- _Exercise goal_
Return exactly the lines of the data below, from the one that contains "Macaw Parrot Christmas" through the final line, and leave out every picture.

Top of Source records

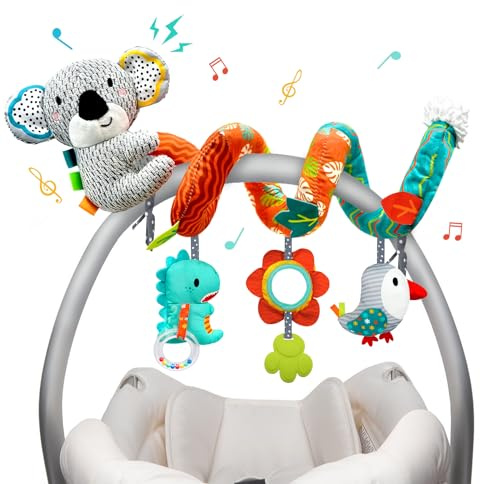 XIXILAND Pram Toys for Babies 0-6 Months Car Seat Toy, Newborn Spiral Hanging Toys for Babies, Baby Sensory Toys for Pushchair Stroller/Car Seat/Crib/Cot, Gift for 0 3 6 9 12 Months Boys Girls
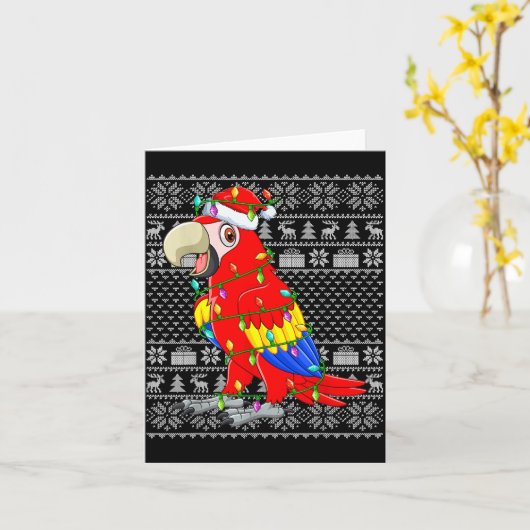 Macaw Parrot Christmas Lights Ugly Sweater Funny B カード (黄色い花)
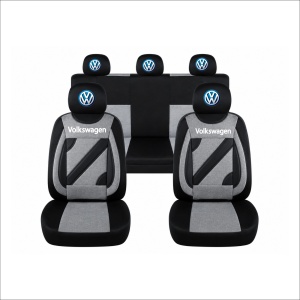 Set Huse Scaune Universale Nero Gri Personalizate cu Volkswagen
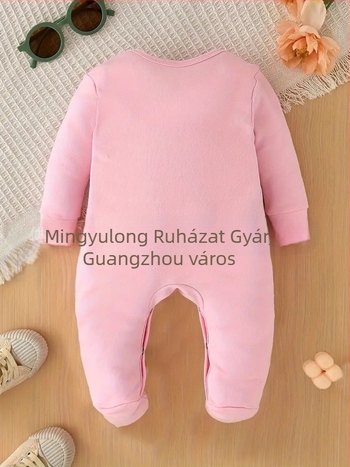 Újszülött overál szív mintás koronával, kötött poliészter 95%, hosszú ujjú, elöl gombos záródás, tavasz–ősz, 0–1 éves korosztály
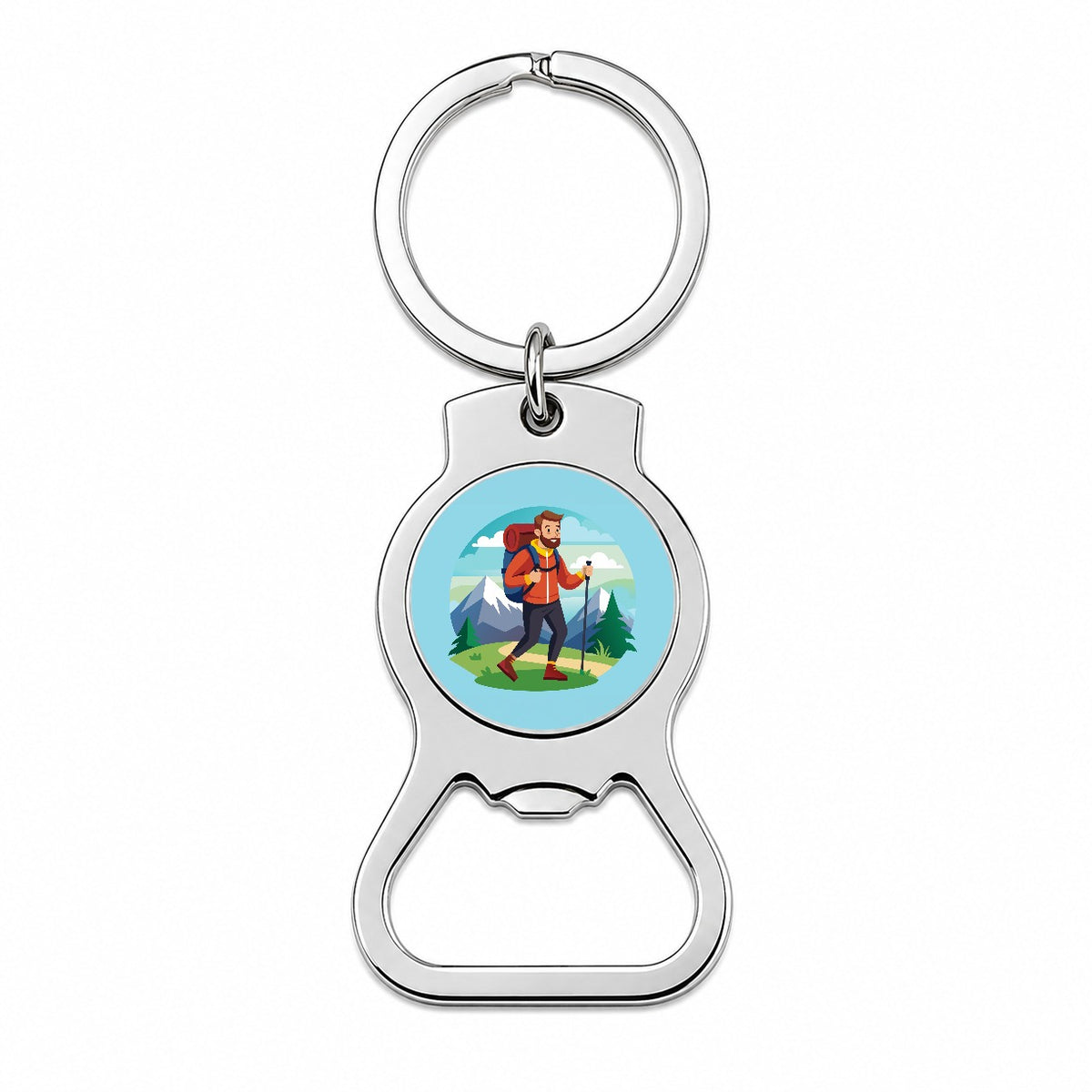 Hiker Hiking Backpacking Man Bottle Opener Keychain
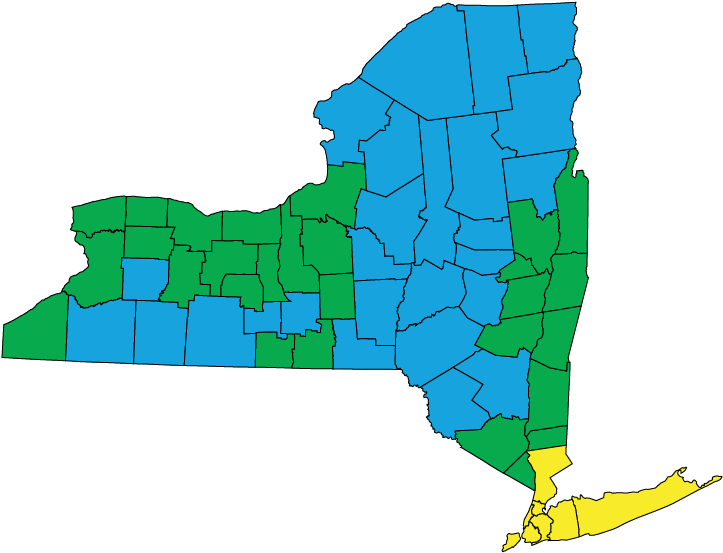 New York State Color Coded Map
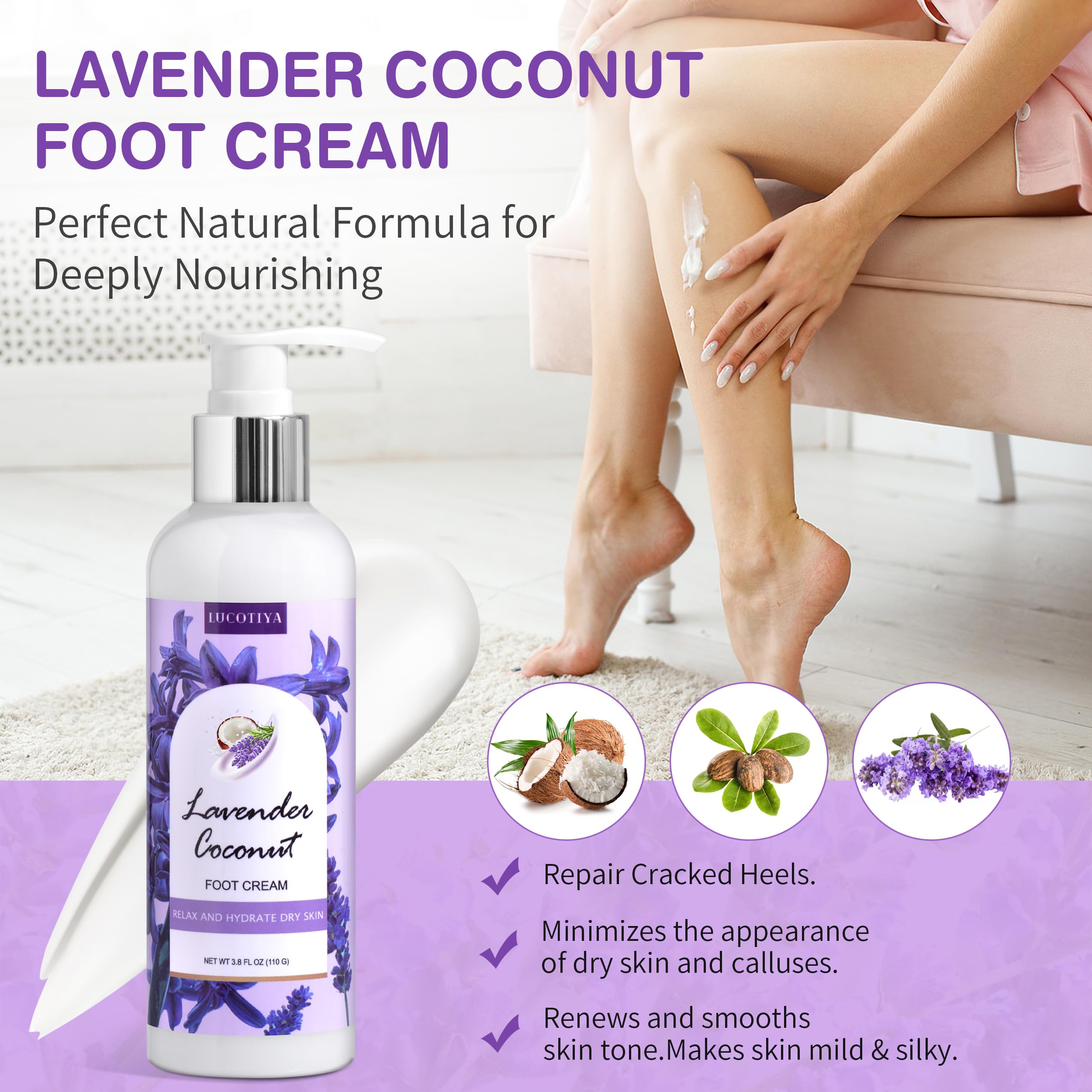 LUCOTIYA urea foot cream tube label visible, hydrating for cracked heels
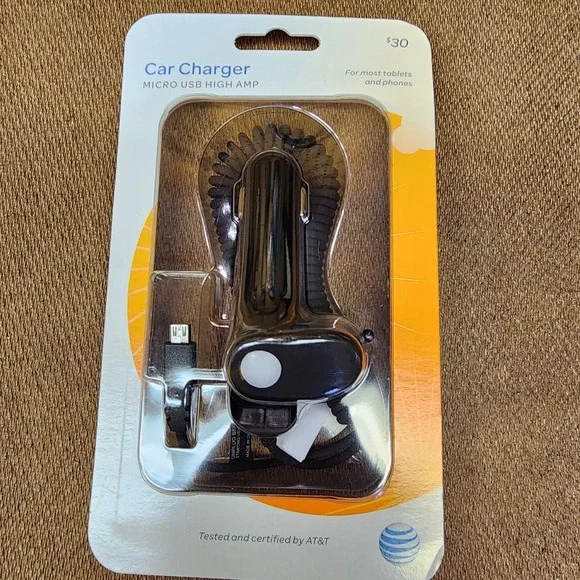 New AT&T Black Car Charger Micro USB High Amp For Most Tablets & Phones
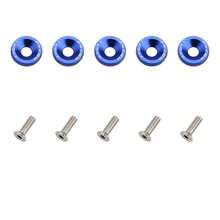 10件套发动机舱装饰螺栓，M6铝制紧固件螺丝套装，带螺栓的铝制保险杠垫圈，发动机舱装饰紧固件套装，保险杠垫圈螺栓，前大灯，后备箱发动机舱装饰，保险杠垫圈螺栓，适用于大多数车辆的替换装饰螺丝 - 彩色 - 查看 14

Bottom of Source records

- _Written answer_
 Macaw Parrot Christmas Lights Ugly Sweater Funny B カード (黄色い花)
 Set Huse Scaune Universale Nero Gri Personalizate cu Volkswagen
 Újszülött overál szív mintás koronával, kötött poliészter 95%, hosszú ujjú, elöl gombos záródás, tavasz–ősz, 0–1 éves korosztály
 Hiker Hiking Backpacking Man Bottle Opener Keychain
 New York State Color Coded Map
 LUCOTIYA urea foot cream tube label visible, hydrating for cracked heels
 New AT&T Black Car Charger Micro USB High Amp For Most Tablets & Phones
 10件套发动机舱装饰螺栓，M6铝制紧固件螺丝套装，带螺栓的铝制保险杠垫圈，发动机舱装饰紧固件套装，保险杠垫圈螺栓，前大灯，后备箱发动机舱装饰，保险杠垫圈螺栓，适用于大多数车辆的替换装饰螺丝 - 彩色 - 查看 14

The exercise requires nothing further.